R. Kelly's 2004 album Happy People/U Saved Me was a misstep, heavily burdened by invocations of God's infinite compassion for singers wrestling with child pornography charges. But Kelly has dropped all that for the time being: The nineteen-track TP.3 Reloaded is a return to form that acts as if all of his legal troubles were just a bad dream. The first four songs alone include a future club hit ("Playa's [sic] Only"), an impossible-to-resist Seventies-style summer jam ("Happy Summertime"), a megacatchy kiss-and-tell ("Sex in the Kitchen") and an affectingly mournful reggae slow jam ("Slow Wind").
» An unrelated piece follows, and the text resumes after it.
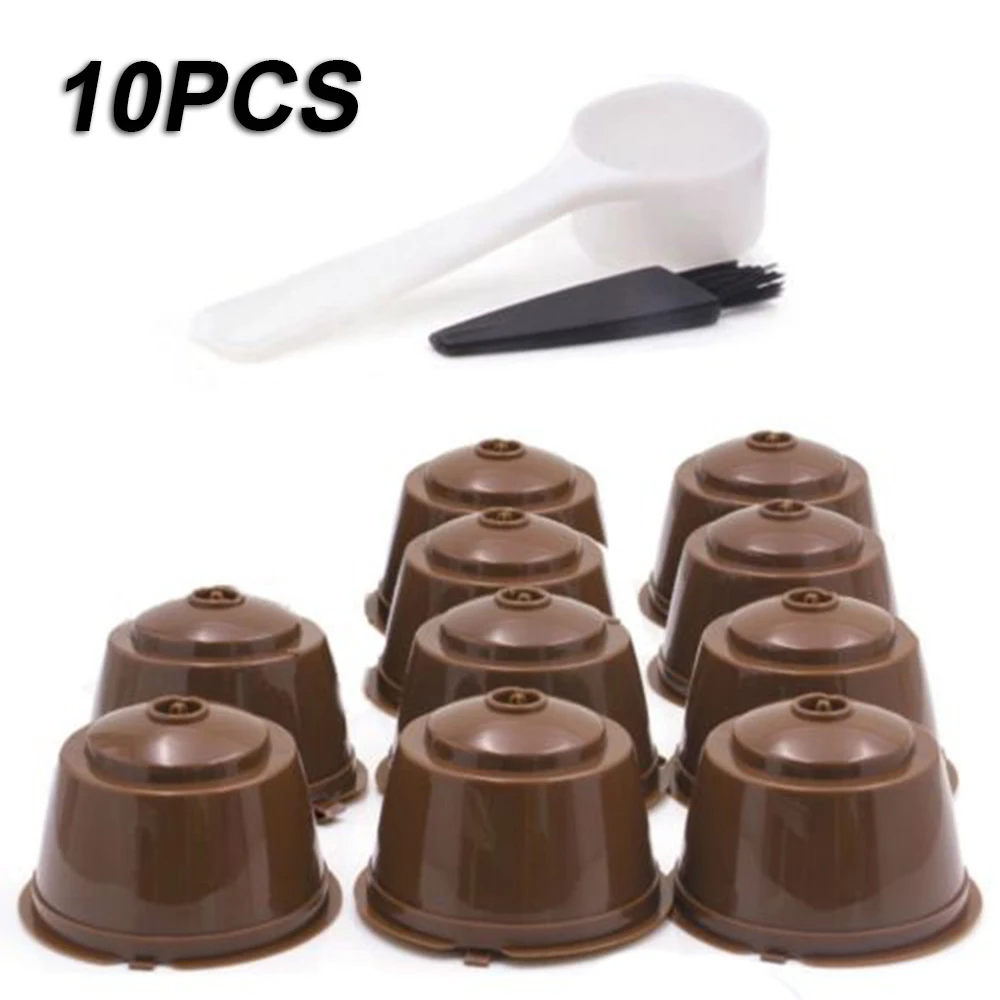 

Food Grade Plastics Refillable Coffee Capsule Pod For Dolce Gusto Nescafe Useful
From there, Kelly keeps his raunchy steez going full-blast.

TP.3 Reloaded (the title refers to Kelly's 1993 breakthrough, 12 Play, and its 2000 sequel, TP2) shows how little Kelly has learned about life and how much he's learned about hitmaking. "Kickin' It With Your Girlfriend," a disquieting apology to the boyfriend of a favorite playmate, succeeds thanks to its weird point of view and Kelly's simultaneously grimy and silky-smooth melodies. He works up a world-class hook on "Girls Go Crazy" and skillfully ornaments Elephant Man's toasting on "Reggae Bump, Bump." Like most Kelly tracks, the Game-assisted "Playa's Only" and "Burn It Up" target both casual hip-hop fans and R&B devotees who like a little whiskey in their warm milk.

The coup de gross is the "Trapped in the Closet" epic that closes the album, five remarkably overwrought cuts that turn Kelly's horn-dog life into a daytime soap. Over the same melodramatic, pseudo-orchestral schmaltz, Kelly narrates a series of misadventures that includes a gay lover, a gunpoint standoff with a jealous boyfriend, crazy-hot make-up sex and a final shocking revelation. Like the rest of TP.3, it's easy on the ears, a little ridiculous and enthralling all at once.